Imagine us, laden with a huge cooler of perishables, several cardboard boxes of food, backpacks, and suitcases, which we loaded onto a luggage carrier supplied by the Hilton Garden Hotel, and took up to our room. Bruce was not going to sacrifice our planned Falls Hike, and I was not going to sacrifice our perishables. We carefully packed them into the small, motel refrigerator in our room.
“Camping out in a Hilton,” we joked as I heated up our baked bean supper in a microwave oven, also thoughtfully provided by the Hilton. Still, it was a real blow not to stay in a state park cabin, something Eva had been looking forward to because she had never stayed in a cabin. But she rallied sooner than I did.
I was still glum the following morning as I prepared breakfast. I pulled out a bag of thawed wild blueberries, intent on putting them on our cold cereal, but the bag had sprung a leak. Blueberry juice dripped on my new jeans and the rug. Yelling an oath, I raced to the bathroom and drained the bag into the sink. While Bruce tried to scrub my jeans clean, Eva tackled the rug. Finally, we settled down to breakfast, the blueberries on top of our cereal, the stains more-or-less gone from my jeans and the rug.
It was not an auspicious beginning. But despite the warm, humid weather, our day improved once we reached the lower parking lot at the park. First, we climbed down to Adams Falls. Many folks consider that falls, a series of three cascades, 18, 25, and 10 feet high, that races through deep, narrow gorges, the most beautiful falls in the park. We followed a series of large plunge pools formed by the erosion of turbulent water, the most impressive of which is Leavenworth Pool, which is about 30 feet in diameter and eight to ten feet deep. Eva was sufficiently impressed by the wild scene.

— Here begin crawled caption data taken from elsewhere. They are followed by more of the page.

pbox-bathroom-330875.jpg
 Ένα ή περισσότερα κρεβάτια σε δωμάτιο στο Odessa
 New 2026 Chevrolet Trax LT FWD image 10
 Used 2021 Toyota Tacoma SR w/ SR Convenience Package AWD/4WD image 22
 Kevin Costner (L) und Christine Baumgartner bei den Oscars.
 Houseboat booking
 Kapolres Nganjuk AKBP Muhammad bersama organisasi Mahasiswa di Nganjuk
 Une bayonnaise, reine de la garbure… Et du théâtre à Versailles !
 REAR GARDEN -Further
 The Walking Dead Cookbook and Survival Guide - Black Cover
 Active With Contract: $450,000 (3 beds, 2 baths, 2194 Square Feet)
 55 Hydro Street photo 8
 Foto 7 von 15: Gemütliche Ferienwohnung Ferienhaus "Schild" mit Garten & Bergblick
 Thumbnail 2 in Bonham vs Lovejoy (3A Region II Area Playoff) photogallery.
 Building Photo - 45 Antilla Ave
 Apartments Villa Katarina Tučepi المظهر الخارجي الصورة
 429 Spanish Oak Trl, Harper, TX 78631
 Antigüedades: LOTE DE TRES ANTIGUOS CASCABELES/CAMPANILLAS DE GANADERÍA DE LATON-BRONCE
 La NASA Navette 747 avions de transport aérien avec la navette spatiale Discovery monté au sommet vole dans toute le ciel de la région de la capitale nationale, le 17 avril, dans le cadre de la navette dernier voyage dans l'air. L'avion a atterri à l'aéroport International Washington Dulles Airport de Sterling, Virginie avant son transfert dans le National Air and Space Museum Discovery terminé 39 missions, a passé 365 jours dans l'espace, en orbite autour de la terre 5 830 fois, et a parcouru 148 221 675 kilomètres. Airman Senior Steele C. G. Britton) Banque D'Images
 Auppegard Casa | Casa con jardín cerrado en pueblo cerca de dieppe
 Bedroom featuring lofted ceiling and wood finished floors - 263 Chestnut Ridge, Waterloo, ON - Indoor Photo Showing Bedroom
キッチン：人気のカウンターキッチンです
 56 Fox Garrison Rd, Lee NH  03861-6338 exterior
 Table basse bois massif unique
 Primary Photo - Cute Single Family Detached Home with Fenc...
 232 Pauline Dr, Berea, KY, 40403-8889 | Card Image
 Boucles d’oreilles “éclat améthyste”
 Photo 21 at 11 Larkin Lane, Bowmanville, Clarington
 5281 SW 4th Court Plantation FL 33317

Then we told her about the waterfall hidden underneath Pennsylvania highway 118, which we could not see. She was as incredulous as we had always been at what seemed to be almost sacrilegious–building a highway over a waterfall. We wondered if the highway engineers had thought that 22 named waterfalls were enough.
We had the place almost to ourselves that weekday. And those we passed on the trail didn’t take the whole hike, short-circuiting it either from above or below. They seemed surprised that we did. No doubt they were heeding the warning in the park brochure that it was a difficult hike and hikers should be in good physical condition. But we wanted Eva to experience the trail as we had for nearly half a century. I had always said, half-jokingly, that when I could no longer hike the Glen Hike I would be old.
The long walk through what used to be an intact old-growth forest, following the meandering Kitchen Creek, is the only level part of the entire walk. Despite the demise of the huge hemlocks, either uprooted by a hurricane or dying from woolly adelgids, the wildflowers put on a fantastic show–whole beds of maple-leafed waterleaf, jack-in-the-pulpit, Canada mayflowers, and white-twisted stalk bloomed. I even found a couple of faded painted trilliums. But the giants were gone, and we could not share them with our granddaughter.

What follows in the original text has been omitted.